Climbed the west ridge of the North Twin. Rapped SE from the notch below the summit to the glacier. Climbed NE ridge of South Twin and descended the west ridge. Great day with lots of fun challenges. (second successful traverse)
Made it to the basin relatively quickly. Started fairly low on the ridge, since the steeper snow was in the shade and was still very firm. No troubles scrambling the ridge until 6600'. We just could not find a reasonable route to the summit on the final part of the ridge that was class 4 or less. We were able to finish the ridge, but only after doing a few feet of very exposed, low 5th class climbing. It would have been much more prudent to traverse right from 6600' and finish via one of the south gullies, although they all had varying amounts of steep snow slopes. (Unlike many Pacific NW mountains, I think this mountain is actually best to do late season, after most of the snow has melted.) We started our descent via one of the south gullies, as the snow had softened up enough to make this option reasonably safe, then rejoined the ridge at 6600' for the rest of the descent.
I'd love to go back but you can't get through the gates.
This was a lengthy but enjoyable scramble route with lots of route-finding.
This was a great scramble, albeit much longer than we anticipated despite two of us (Edward, myself) previously having a failed attempt. Great bivy site in the upper basin below the west ridge slopes.
Excellent climb with Adam and Jacob. Definitely on of the most rewarding hikes I've been on. I look forward to going back and climbing the North Twin.
Scrambled up the west ridge with Adam (gimpilator of Summitpost) and Greg; some fog around 4000 feet but high clouds and party sunny above. An all-around excellent route, fun scrambling after an approach by bike and a short, brushy trail. Final approach to the summit along the crest looked intimidating, so we traversed a short ways, crossing a small snow field and ascending via a class three gully w/ some loose rock.
for photos: http://ifiwereacrow.blogspot.com/2012/08/south-twin.html
A fun climb, a very hot day. 3 of 4 made the summit in good conditions.
A good climb, less crowded than the North Twin but not as asthetic.

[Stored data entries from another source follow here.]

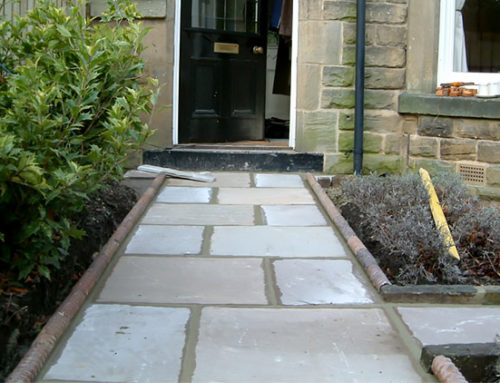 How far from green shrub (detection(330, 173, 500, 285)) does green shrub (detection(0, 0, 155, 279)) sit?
5.33ft

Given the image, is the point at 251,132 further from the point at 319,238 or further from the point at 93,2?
the point at 319,238

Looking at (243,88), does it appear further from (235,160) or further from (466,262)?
(466,262)

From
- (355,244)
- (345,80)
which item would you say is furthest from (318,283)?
(345,80)

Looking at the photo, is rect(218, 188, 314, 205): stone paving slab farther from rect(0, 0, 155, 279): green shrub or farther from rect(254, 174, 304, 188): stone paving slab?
rect(0, 0, 155, 279): green shrub

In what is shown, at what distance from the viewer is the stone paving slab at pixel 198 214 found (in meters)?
4.92

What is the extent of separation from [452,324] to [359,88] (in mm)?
3624

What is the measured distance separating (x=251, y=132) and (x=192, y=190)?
6.77 ft

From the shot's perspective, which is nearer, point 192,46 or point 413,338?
point 413,338

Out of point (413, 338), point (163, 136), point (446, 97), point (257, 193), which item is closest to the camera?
point (413, 338)

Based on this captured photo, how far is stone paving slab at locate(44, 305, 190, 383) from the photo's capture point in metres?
2.64

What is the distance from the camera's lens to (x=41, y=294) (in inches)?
128

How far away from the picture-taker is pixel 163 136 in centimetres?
673

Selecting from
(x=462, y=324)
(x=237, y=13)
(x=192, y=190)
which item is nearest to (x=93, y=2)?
(x=237, y=13)

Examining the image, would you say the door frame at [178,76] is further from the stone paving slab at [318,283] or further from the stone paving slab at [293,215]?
the stone paving slab at [318,283] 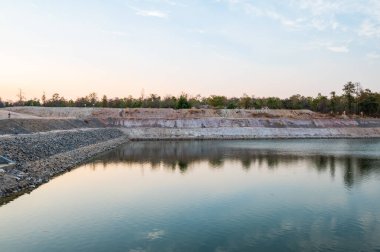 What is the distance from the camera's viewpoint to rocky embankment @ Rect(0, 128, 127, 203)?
2414 cm

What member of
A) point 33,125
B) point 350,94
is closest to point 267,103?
point 350,94

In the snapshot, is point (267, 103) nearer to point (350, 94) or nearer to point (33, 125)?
point (350, 94)

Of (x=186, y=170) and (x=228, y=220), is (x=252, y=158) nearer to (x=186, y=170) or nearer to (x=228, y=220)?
(x=186, y=170)

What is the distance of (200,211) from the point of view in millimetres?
20188

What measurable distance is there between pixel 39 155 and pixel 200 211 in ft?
62.3

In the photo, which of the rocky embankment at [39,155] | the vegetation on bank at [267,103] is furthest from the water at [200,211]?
the vegetation on bank at [267,103]

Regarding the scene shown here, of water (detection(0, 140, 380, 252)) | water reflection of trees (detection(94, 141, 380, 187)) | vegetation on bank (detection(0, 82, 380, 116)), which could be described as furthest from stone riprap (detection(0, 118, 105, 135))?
vegetation on bank (detection(0, 82, 380, 116))

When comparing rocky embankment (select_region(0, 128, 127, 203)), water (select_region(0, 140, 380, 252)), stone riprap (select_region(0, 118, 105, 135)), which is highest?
stone riprap (select_region(0, 118, 105, 135))

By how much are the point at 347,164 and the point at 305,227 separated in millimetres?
23459

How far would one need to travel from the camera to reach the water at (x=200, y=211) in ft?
50.5

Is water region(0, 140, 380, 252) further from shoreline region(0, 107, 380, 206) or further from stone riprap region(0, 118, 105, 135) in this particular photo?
stone riprap region(0, 118, 105, 135)

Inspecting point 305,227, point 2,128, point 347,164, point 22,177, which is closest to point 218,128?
point 347,164

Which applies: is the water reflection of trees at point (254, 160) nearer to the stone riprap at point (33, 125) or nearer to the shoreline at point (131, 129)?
the shoreline at point (131, 129)

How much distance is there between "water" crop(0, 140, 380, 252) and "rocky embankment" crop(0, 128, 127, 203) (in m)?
1.17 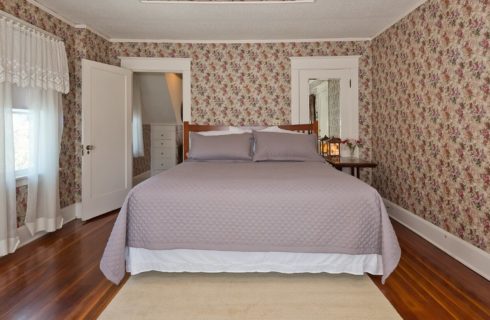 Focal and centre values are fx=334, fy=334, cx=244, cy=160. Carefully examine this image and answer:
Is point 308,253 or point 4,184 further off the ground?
point 4,184

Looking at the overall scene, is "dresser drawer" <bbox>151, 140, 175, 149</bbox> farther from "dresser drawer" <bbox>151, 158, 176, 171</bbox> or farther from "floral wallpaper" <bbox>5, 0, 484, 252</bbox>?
"floral wallpaper" <bbox>5, 0, 484, 252</bbox>

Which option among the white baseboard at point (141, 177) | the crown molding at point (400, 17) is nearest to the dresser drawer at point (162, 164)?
the white baseboard at point (141, 177)

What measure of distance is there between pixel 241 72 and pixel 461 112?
2921mm

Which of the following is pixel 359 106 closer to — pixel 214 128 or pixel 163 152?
pixel 214 128

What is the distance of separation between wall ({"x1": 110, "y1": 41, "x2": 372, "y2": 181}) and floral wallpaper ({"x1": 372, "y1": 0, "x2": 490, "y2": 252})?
34.4 inches

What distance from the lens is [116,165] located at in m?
4.53

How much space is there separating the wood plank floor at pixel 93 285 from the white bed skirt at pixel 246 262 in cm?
18

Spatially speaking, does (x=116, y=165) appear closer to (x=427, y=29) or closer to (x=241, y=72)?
(x=241, y=72)

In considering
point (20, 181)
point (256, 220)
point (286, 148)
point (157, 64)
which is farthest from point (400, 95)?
point (20, 181)

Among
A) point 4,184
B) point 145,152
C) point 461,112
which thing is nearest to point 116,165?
point 4,184

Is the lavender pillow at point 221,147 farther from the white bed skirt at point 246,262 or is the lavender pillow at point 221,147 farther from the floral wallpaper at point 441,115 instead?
the floral wallpaper at point 441,115

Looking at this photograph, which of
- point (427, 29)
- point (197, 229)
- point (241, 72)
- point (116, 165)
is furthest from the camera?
point (241, 72)

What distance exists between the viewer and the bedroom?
240 cm

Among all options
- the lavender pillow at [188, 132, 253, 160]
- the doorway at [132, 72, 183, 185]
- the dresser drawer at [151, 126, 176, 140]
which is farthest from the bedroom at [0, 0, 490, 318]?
the dresser drawer at [151, 126, 176, 140] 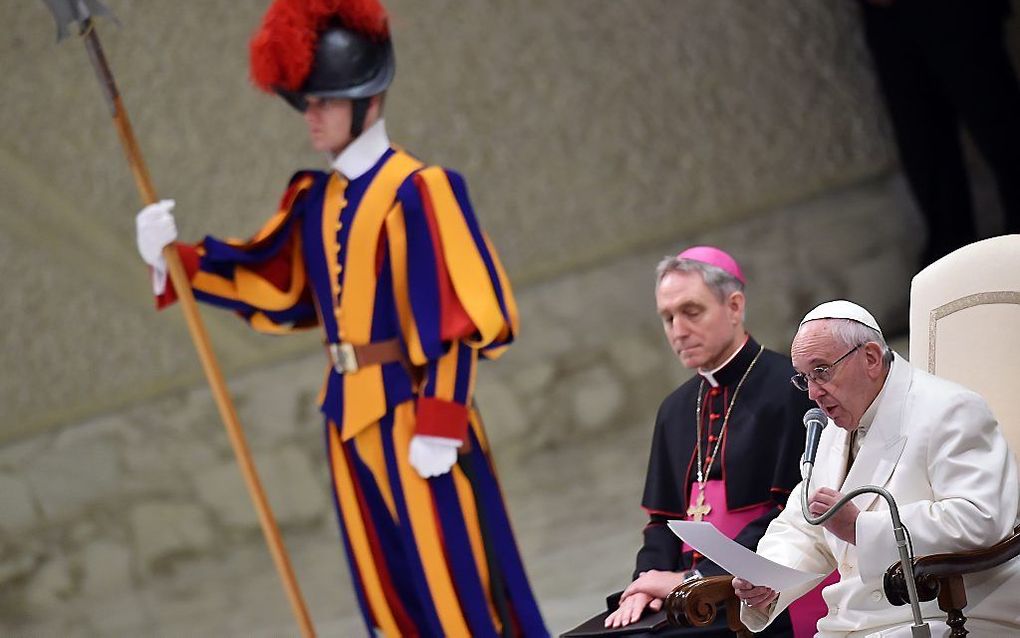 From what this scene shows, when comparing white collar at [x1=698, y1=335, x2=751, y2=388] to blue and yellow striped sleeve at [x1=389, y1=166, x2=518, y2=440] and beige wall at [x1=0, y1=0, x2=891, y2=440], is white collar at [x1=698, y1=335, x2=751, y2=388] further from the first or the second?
beige wall at [x1=0, y1=0, x2=891, y2=440]

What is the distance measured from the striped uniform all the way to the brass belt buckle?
0.02 metres

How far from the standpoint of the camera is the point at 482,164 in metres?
6.52

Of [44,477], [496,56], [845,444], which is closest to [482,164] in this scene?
[496,56]

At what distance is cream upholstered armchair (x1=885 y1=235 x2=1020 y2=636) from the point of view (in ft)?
9.91

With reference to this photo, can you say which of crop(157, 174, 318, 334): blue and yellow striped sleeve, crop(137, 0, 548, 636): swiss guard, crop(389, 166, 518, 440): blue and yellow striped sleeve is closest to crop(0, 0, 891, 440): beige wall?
crop(157, 174, 318, 334): blue and yellow striped sleeve

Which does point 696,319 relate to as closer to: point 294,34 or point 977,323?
point 977,323

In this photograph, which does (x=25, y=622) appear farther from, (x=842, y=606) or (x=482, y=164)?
(x=842, y=606)

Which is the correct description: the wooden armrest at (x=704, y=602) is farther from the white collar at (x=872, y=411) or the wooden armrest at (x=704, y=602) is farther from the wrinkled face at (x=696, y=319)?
the wrinkled face at (x=696, y=319)

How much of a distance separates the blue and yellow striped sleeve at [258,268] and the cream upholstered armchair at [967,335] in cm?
147

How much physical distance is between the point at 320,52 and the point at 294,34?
0.07 metres

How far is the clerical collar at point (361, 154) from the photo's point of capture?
3.84m

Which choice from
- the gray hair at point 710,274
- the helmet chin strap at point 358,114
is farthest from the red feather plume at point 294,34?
the gray hair at point 710,274

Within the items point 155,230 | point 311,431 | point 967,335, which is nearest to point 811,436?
point 967,335

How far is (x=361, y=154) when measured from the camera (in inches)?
151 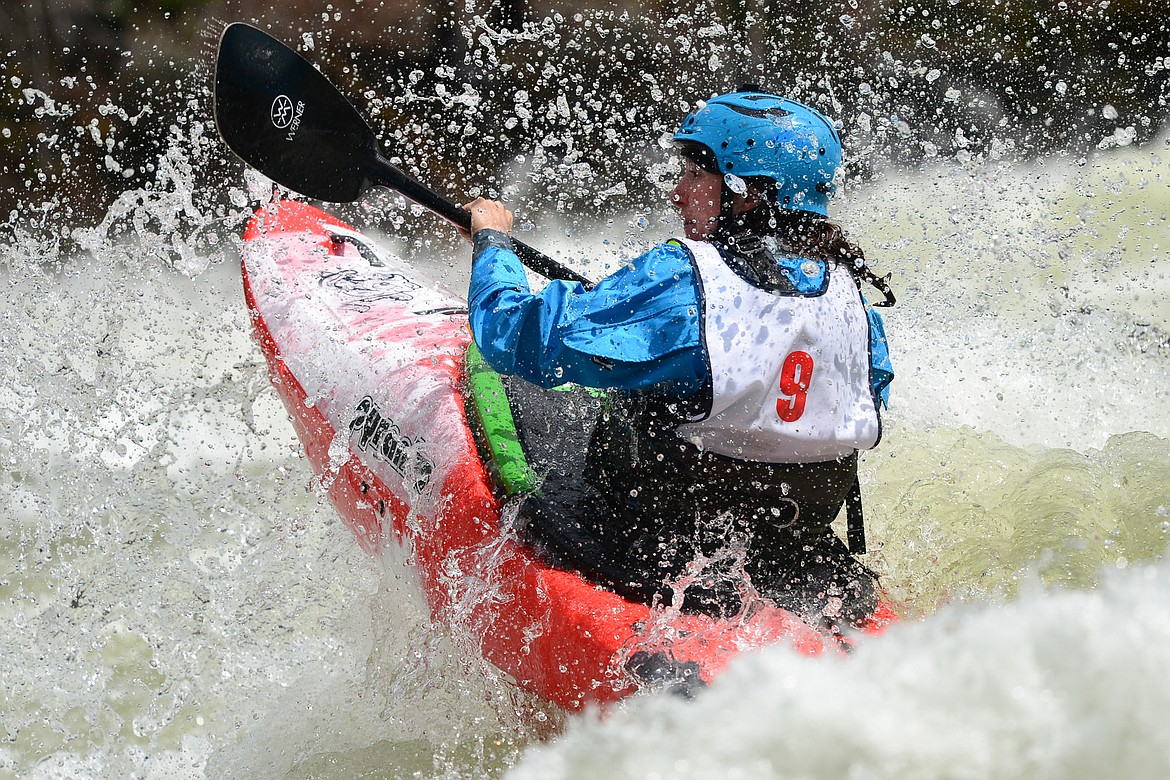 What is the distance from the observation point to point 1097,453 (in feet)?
9.56

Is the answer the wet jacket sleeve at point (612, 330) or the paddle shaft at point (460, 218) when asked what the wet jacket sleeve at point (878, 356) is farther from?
the paddle shaft at point (460, 218)

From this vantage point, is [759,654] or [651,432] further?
[651,432]

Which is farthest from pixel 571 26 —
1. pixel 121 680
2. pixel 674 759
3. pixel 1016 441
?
pixel 674 759

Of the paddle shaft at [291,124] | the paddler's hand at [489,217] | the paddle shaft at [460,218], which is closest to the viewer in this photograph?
the paddler's hand at [489,217]

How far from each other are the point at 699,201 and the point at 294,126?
1.42 meters

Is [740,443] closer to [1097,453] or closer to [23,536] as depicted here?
[1097,453]

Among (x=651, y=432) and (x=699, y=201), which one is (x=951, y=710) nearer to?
(x=651, y=432)

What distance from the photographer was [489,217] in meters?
2.32

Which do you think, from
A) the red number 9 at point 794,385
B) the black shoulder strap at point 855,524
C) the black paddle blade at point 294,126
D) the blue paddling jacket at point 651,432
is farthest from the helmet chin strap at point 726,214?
the black paddle blade at point 294,126

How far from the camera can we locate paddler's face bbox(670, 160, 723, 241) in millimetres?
1979

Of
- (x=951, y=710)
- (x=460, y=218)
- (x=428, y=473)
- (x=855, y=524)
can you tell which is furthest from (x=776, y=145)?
(x=951, y=710)

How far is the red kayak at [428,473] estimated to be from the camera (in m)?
1.85

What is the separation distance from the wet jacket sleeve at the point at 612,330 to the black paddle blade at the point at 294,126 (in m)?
1.15

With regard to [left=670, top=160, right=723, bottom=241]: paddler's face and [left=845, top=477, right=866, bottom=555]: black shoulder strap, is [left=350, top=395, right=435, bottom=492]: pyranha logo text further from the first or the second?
[left=845, top=477, right=866, bottom=555]: black shoulder strap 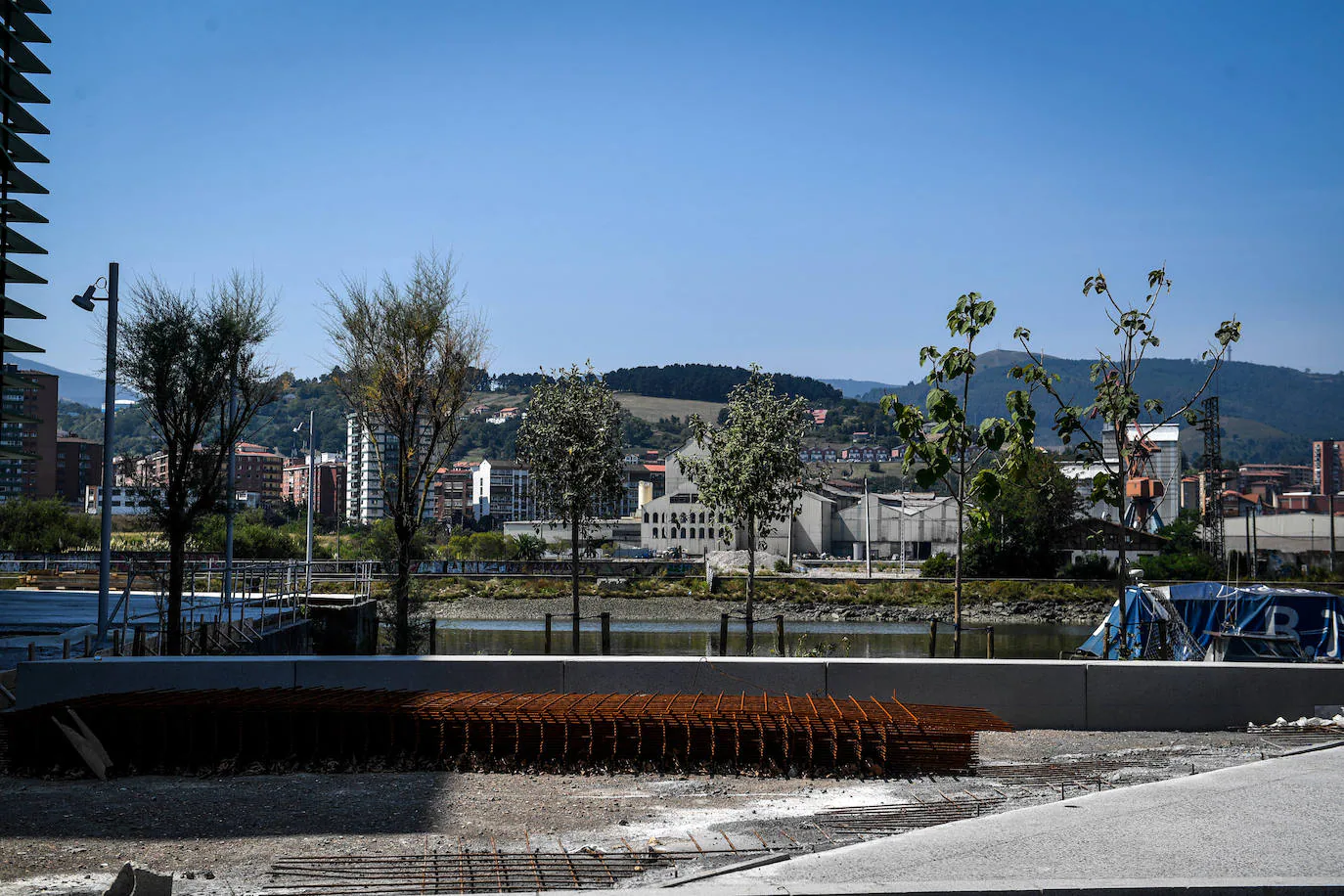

Beautiful couple of days on the taller twin. Just as fun as N Twin with a huge, flat summit for a stellar bivy.
First attempt: June 3, 2010
A late start put our group near the summit at 5 pm. We made the call to turn around. See this image of that day.
I returned August 19, 2012 to give the west ridge a second try and this time we made it. By far one of the best trips of the year. So much scramble fun. The twins are amazing!